The Dallas City Council recently approved Ordinance 3221, which is better known as a responsible banking ordinance, which holds banks accountable for making loans in minority neighborhoods.
Federal law already encourages banks to do this, but many banks still refuse.
The city of Dallas deposits more than $250 million in tax money at Bank of America and that unfortunately lets local governments make demands about how a bank treats minority borrowers.
The new ordinance says that the city shall “use socially responsible banking performance as a factor in determining” who it banks with.
One activist who challenges banks to lend more in minority communities says this is a significant help and that it will help with transparency. Under the new ordinance, the city treasurer is required to hold a public hearing about how well banks are serving lower-income customers.
Thirteen cities around the country have adopted some form of a Responsible Banking Ordinance, and Dallas is the first in Texas.

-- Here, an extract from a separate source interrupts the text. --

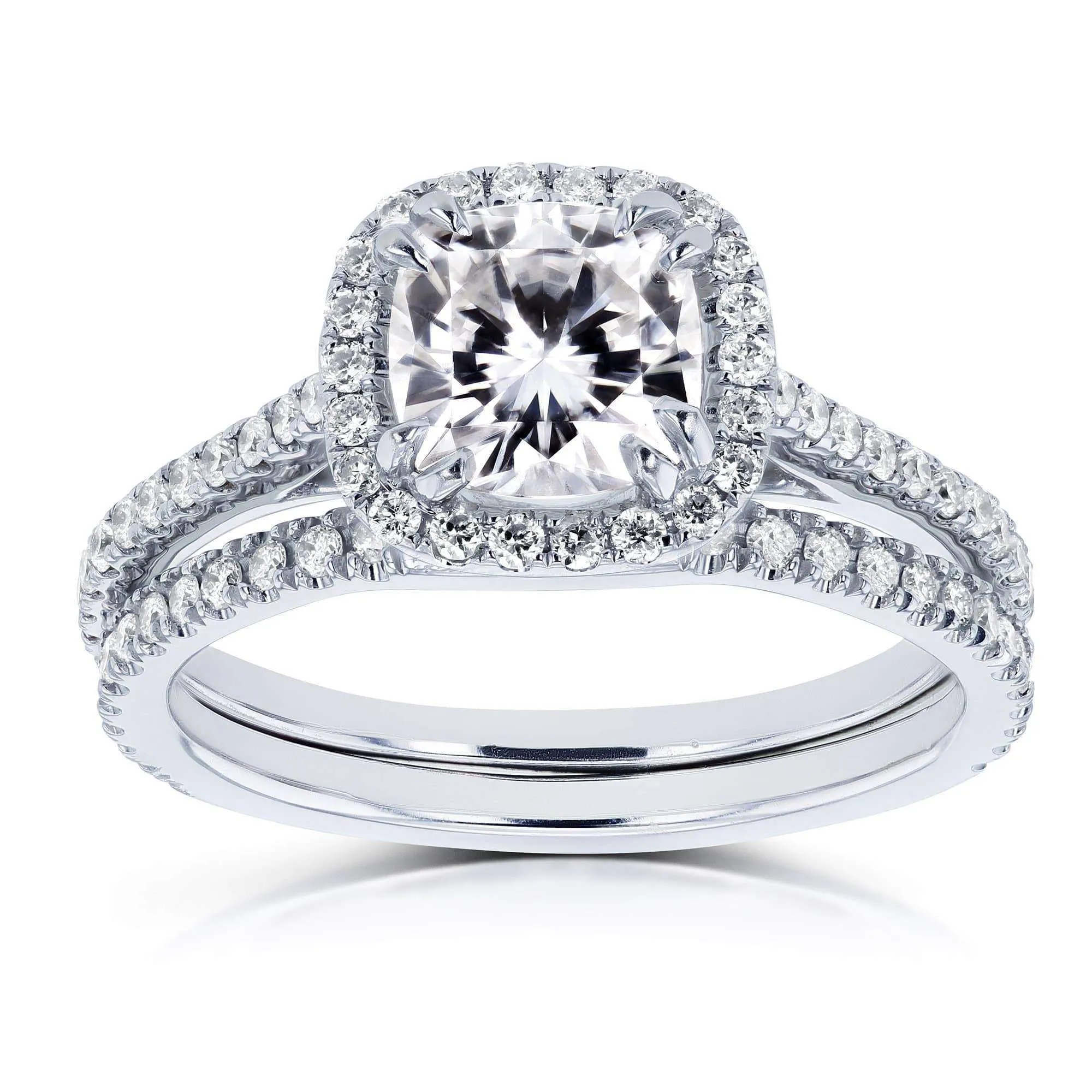 1-1/2ct.tw Cushion Halo Notched Band Bridal Set - Moissanite & Natural Diamonds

Philadelphia also adopted its ordinance, and the banks it chose to make deposits with became more active low-income lenders.

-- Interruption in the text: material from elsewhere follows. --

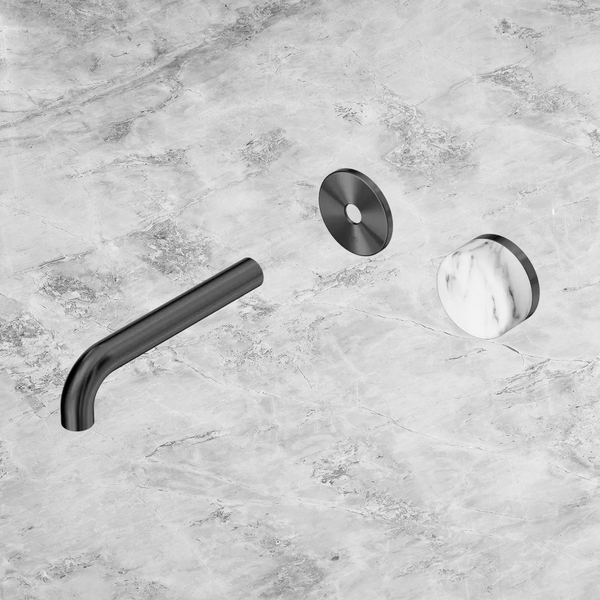 Nero Serenity Progressive Wall Basin Mixer 160mm Spout with Arabescato Corchia Handle (Trim Kit Only) Gunmetal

It’s up to the cities for now, since federal regulators have declined to address the problem of banks owning low-income housing that traps minority families in the cycle of poverty.
This work needs to continue in cities across the country since redlining has been around for a long time and hurts low-income neighborhoods. If banks change the way they do business they can help low-income communities become better and healthier for the whole community.